How does she do it? From where does such moxie and unwavering resolve emanate? How does any woman (or man) maintain that ineffable measure of charisma and fascination beyond “a certain age”? It’s a question I put to one of San Antonio’s last red-hot authentics, as she sat beside the life-size nude bronze “goddess” that guards her pool in the lush garden of her splendidly exotic Monte Vista maisonette.
“I’ve known a lot of eccentrics in my life. Doesn’t everyone?
“My mother and grandmother were both artists and my aunt was an accomplished sculptor. When you’re surrounded by the arts as a child you just grow with it. Although I didn’t end up graduating, I went to the University of Texas and majored in drama. During World War II I used to sing at various military events around town and my mother would accompany me on piano. At one point I was even offered a studio contract at MGM, but my parents wouldn’t let me go. If I had gone out to Hollywood I’d have probably ended up with seven husbands instead of seven kids, so I have no regrets. ”
“I’m definitely an ‘old soul’. I’ve had so many life ‘recalls,’ some of them in great detail. Morocco is certainly a place I lived in another life. My ancestry is Germanic, but I’m usually drawn to warmer climes — Cyprus, Spain, Latin America. When I married Chito and moved to Mexico City in 1968 I sort of shook things up down there. Chito was 23 years older than I, and women were much more deferential at the time. There was the usual idle gossip that ‘Jeanette’s skirts were too short,’ etc., etc., but I didn’t pay it any mind. Within a year or two all the younger women were wearing dresses shorter than mine. Latin women are some of the chic-est creatures on earth.
“I’ve been fortunate to know some really glamorous women. Dolores del Rio would stroll the beaches of Acapulco wearing a caftan, her long hair flowing in the breeze. She was a vision. Merle Oberon would throw a party and always make a grand entrance, pausing ever so dramatically at the top of the staircase just before descending. Those girls really knew how to play it up back then.”
“Both of my husbandswere definitely high-powered individuals. I can’t tell you how many times Jaff would ring up and say something like, ‘I’ve got John Connally or Lyndon Johnson and 30 campaign workers coming over for dinner.’ You had to be highly organized! I knew just where to get all the last-minute boiled shrimp, where to buy the roast beef. For years I traveled constantly from New York to the South Texas farm, to the Nuevo Laredo ranch, on to Mexico City and back to San Antonio.
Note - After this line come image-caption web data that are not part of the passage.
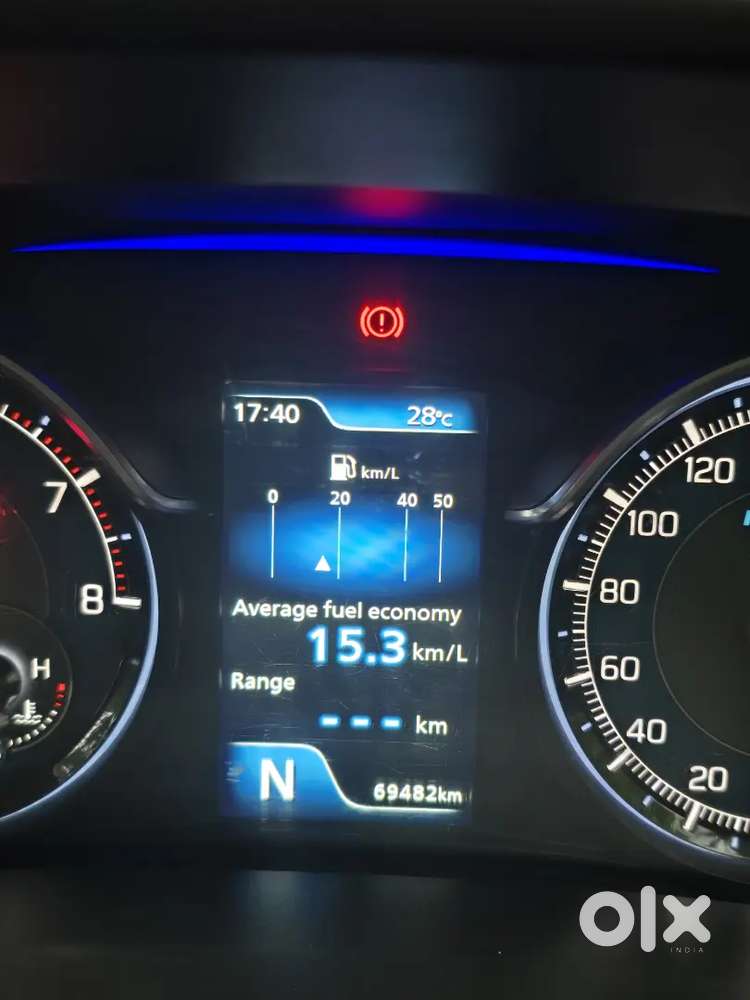 Maruti Suzuki Xl6 2022 1st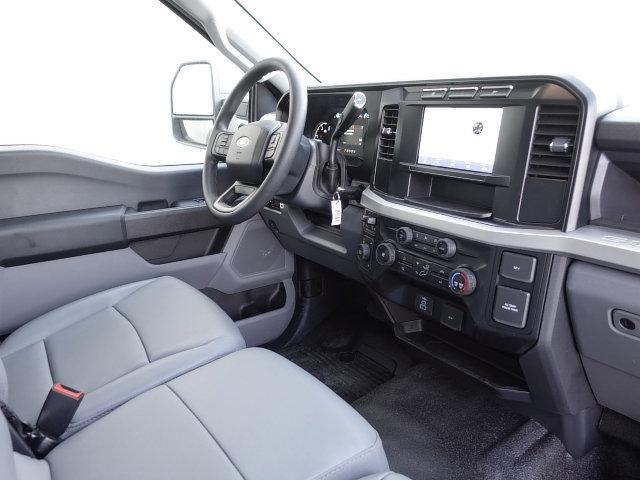 2024 Ford F-550 XL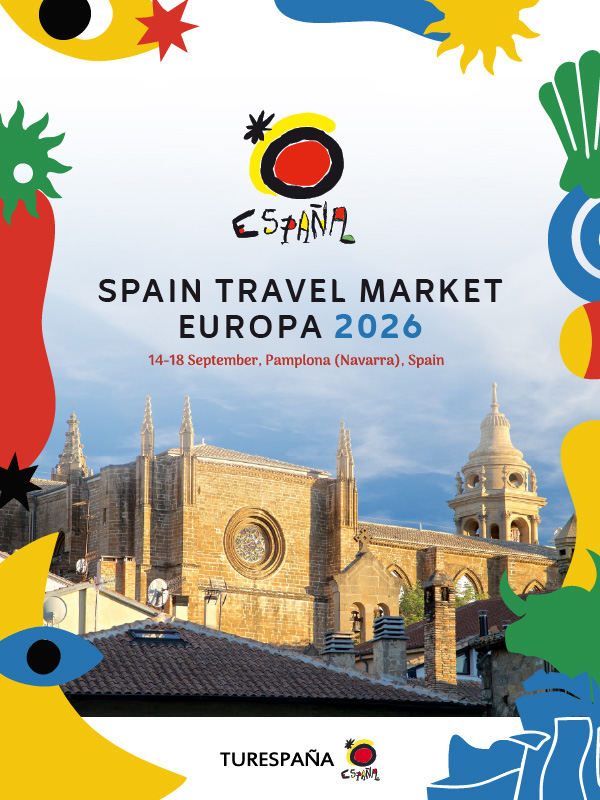 Spain Travel Market Europa
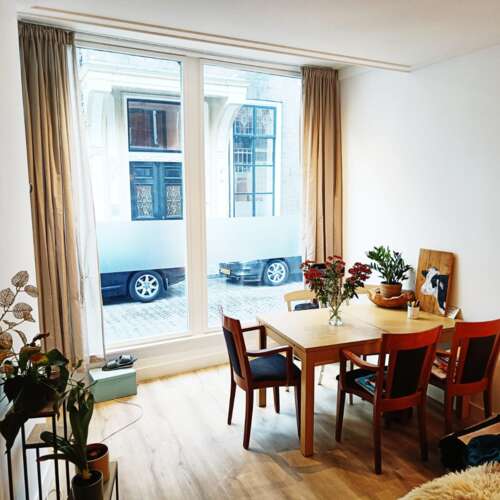 Foto #1 Appartement Koestraat Zwolle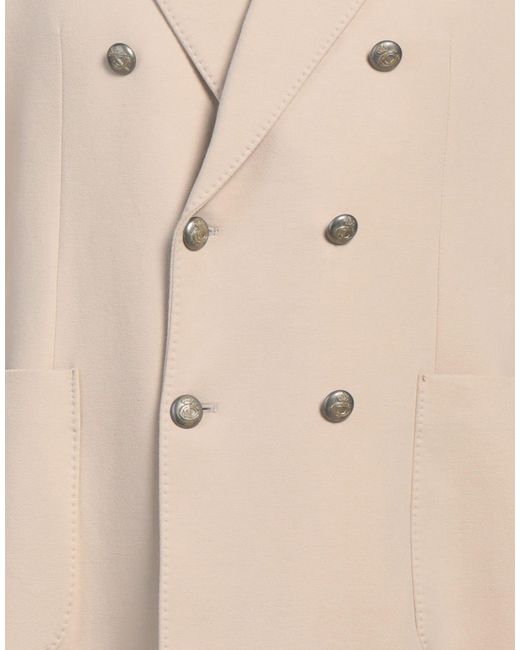 Circolo 1901 Natural Blazer for men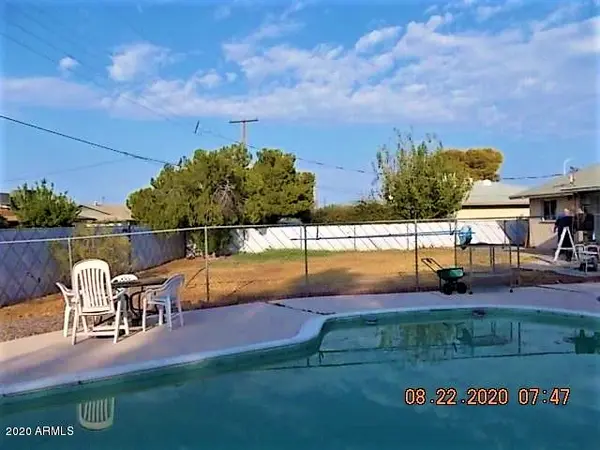 4201 W Lawrence Ln Phoenix AZ 85059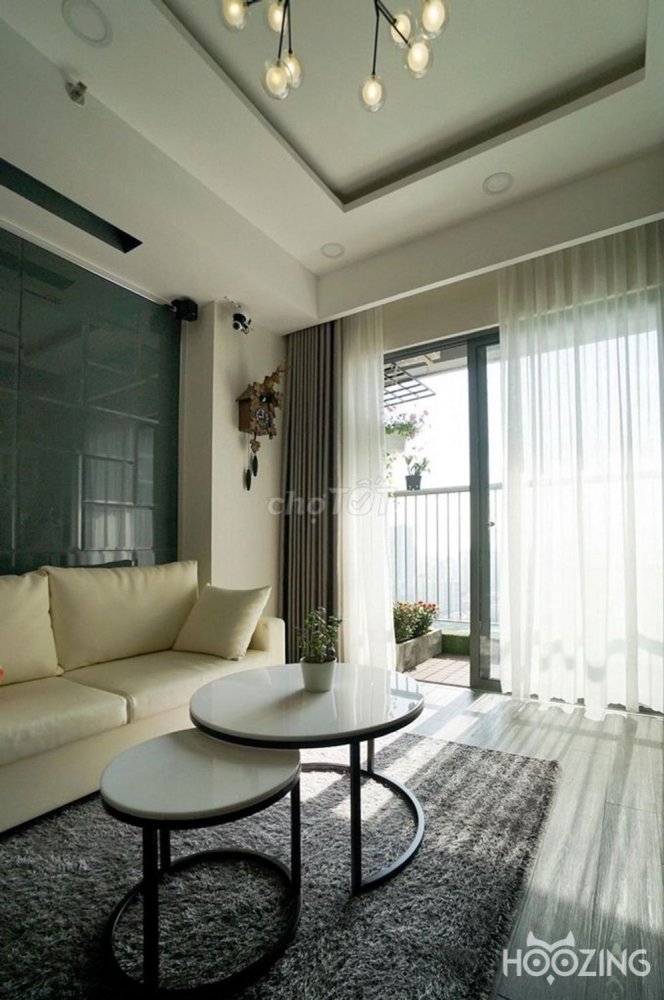 2 bedrooms Apartment in Thu Duc, Vietnam No. 16946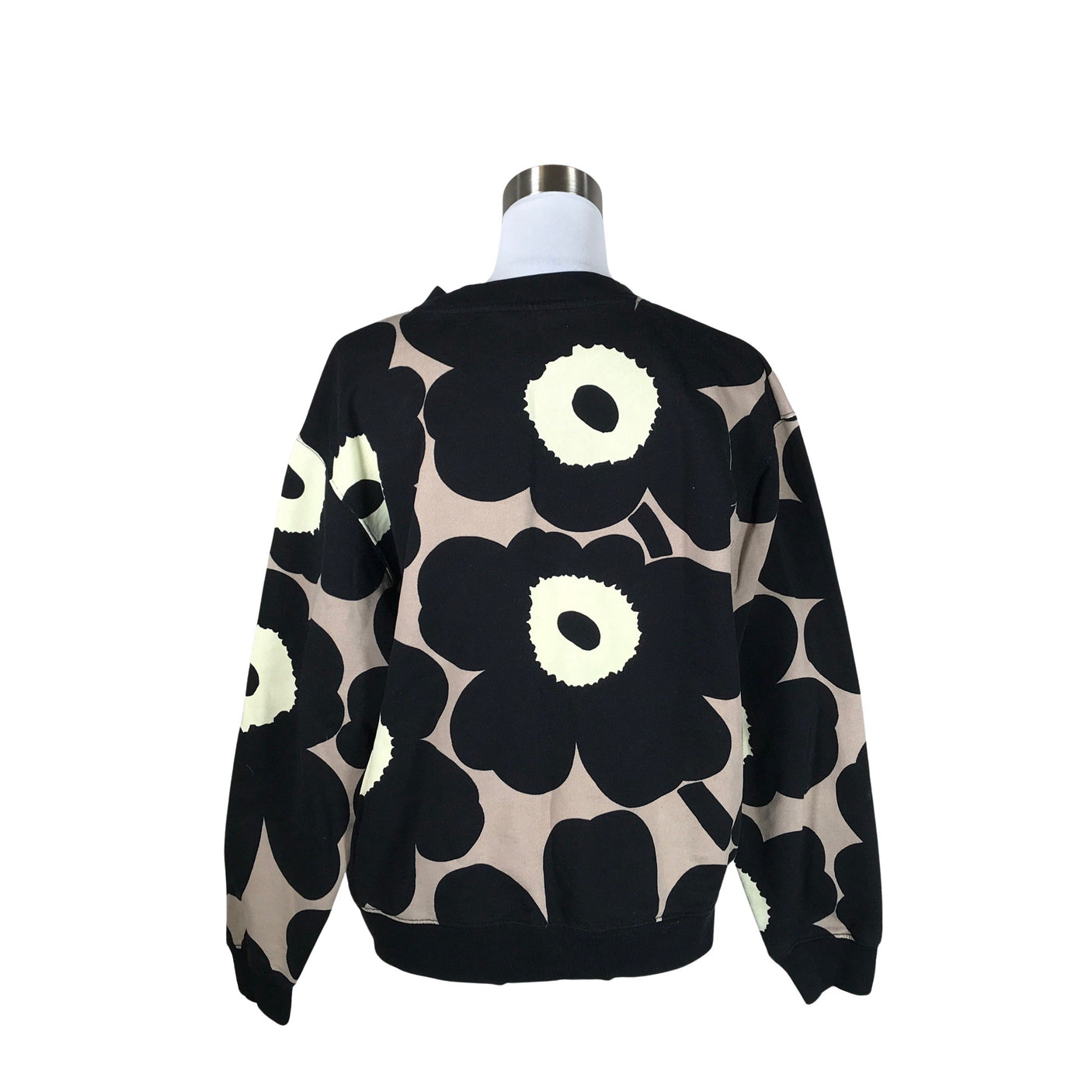 Unisex Marimekko - Collegepaita, koko 40 -  (2)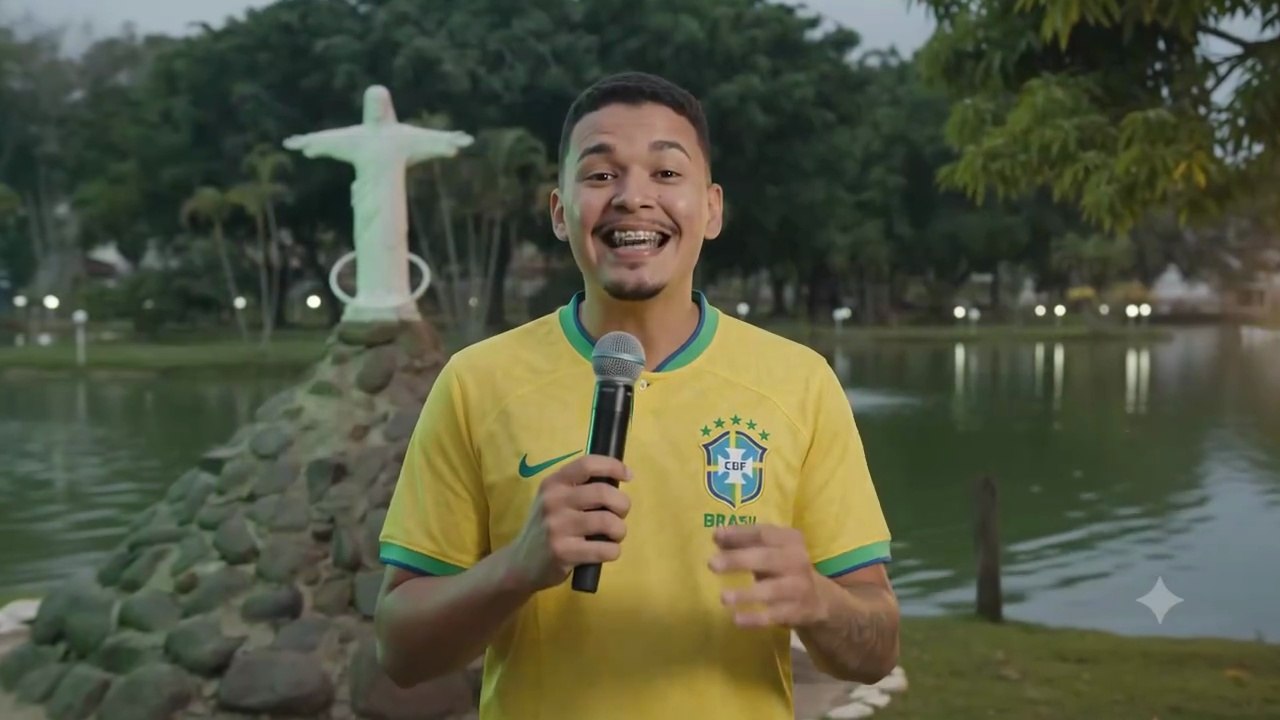 TEM SAMBA NA LAGOA 210626 ARTUR NOGUEIRA
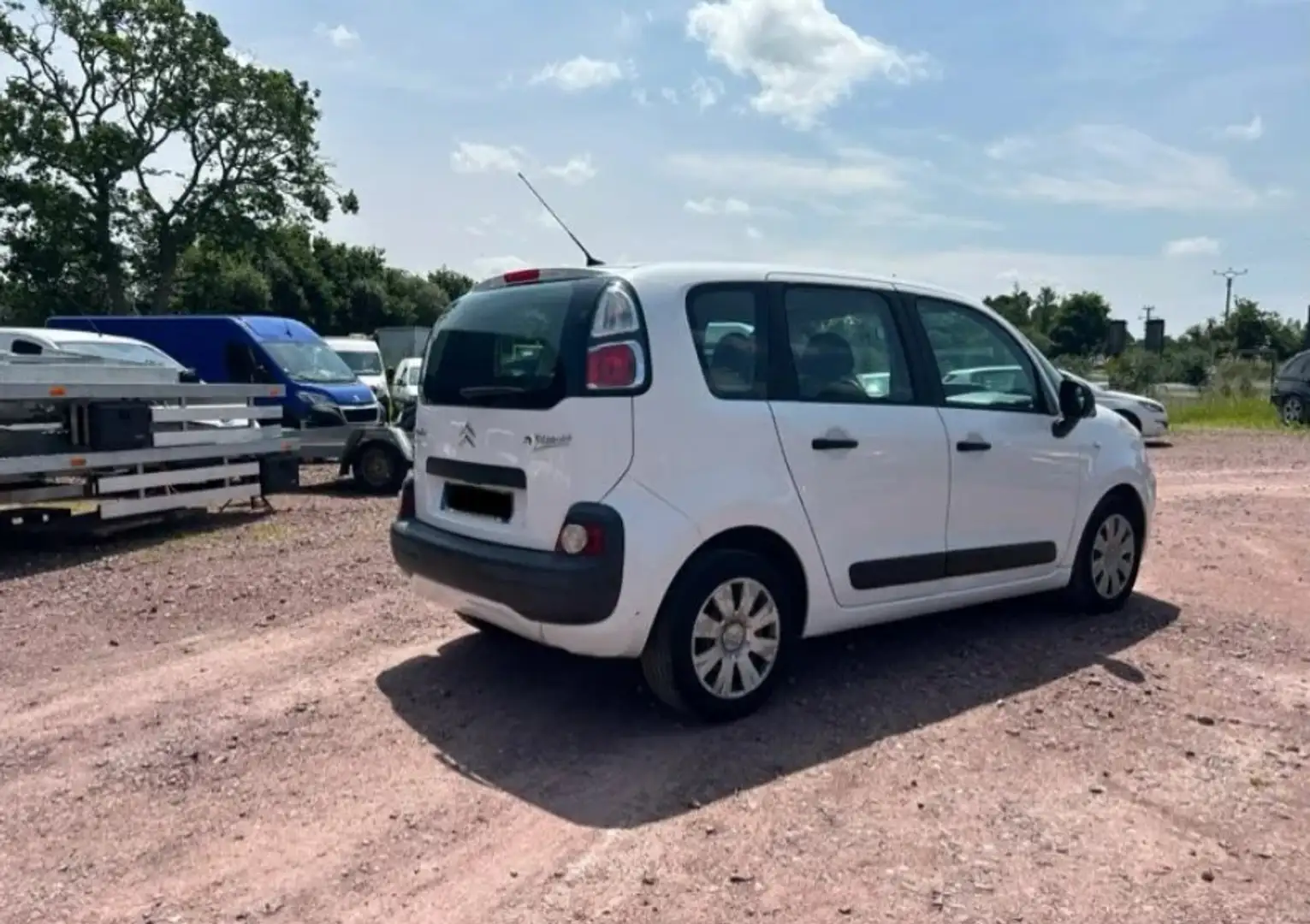 Citroen C3 Picasso C3 Picasso HDi 90 Airdream Millenium - 2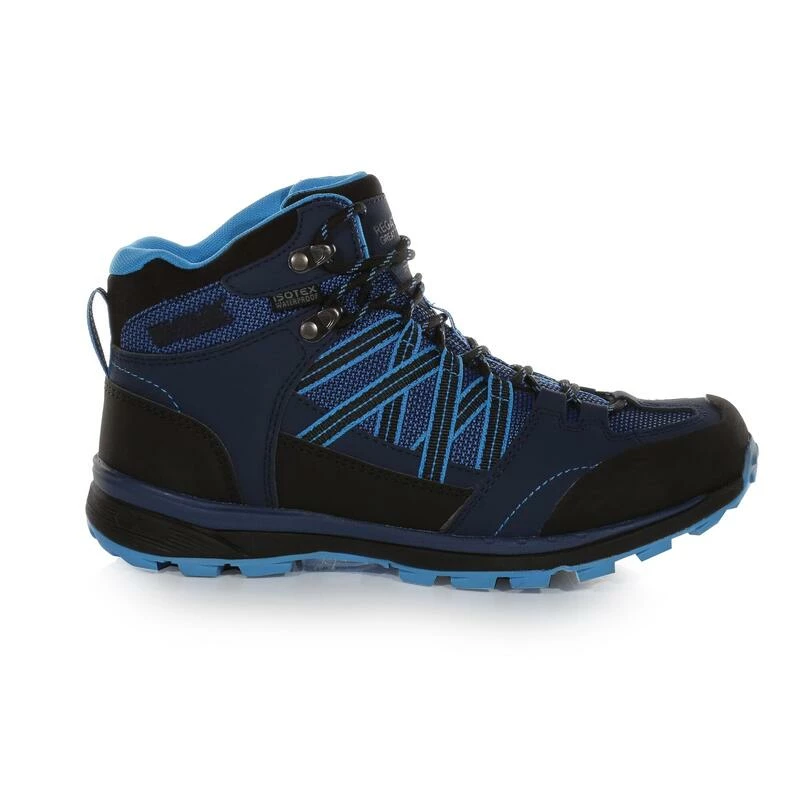 Regatta Ldy Samaris Md II Wandelschoenen Vrouwen 4 Regatta Ldy Samaris Md II Wandelschoenen Vrouwen - Afbeelding 2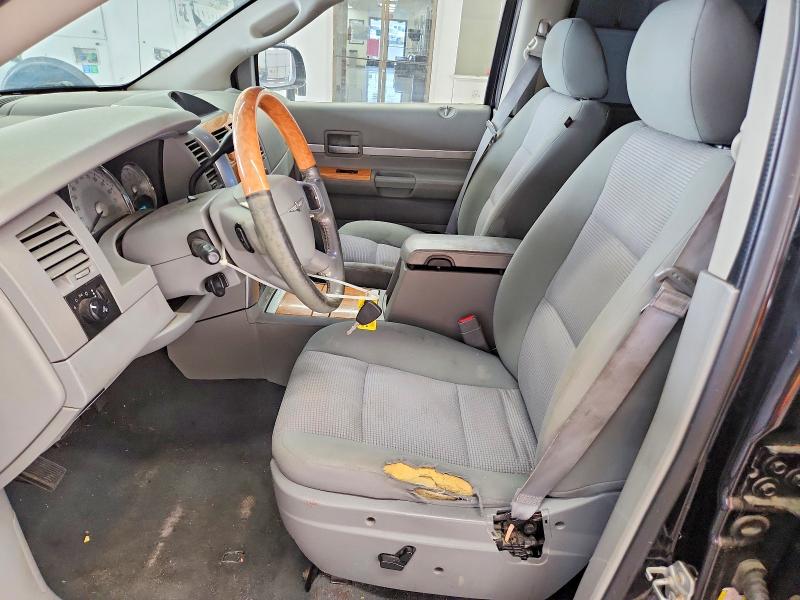 65632196 :رقم المزاد ، 1A8HW58N47F557573 vin ، 2007 Chrysler Aspen مزاد بيع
I kept pre-prepared menus at each location. It was the only way to keep the train on track. You know, Jaff and Chito were always very good friends and stayed so even after I remarried. They were the eternal backgammon-playing buddies. It was odd to me, but what can I say — men and women are just different!”
“It’s not the material things around us — of course, we all like to have nice things and pleasant surroundings — but I can be just as happy at a roadside picnic table with good friends and family.
“My daughter Jana is a brilliant fashion designer, and she told an interviewer once she learned to develop her own instincts when she was very little after I gave her a clothes pin and told her to drape it. You don’t need a lot of ‘stuff’ to encourage the imagination — it’s all there if you can learn to access it. Kids really miss out on any sense of accomplishment if we just give them everything. The act of discovery is crucial.”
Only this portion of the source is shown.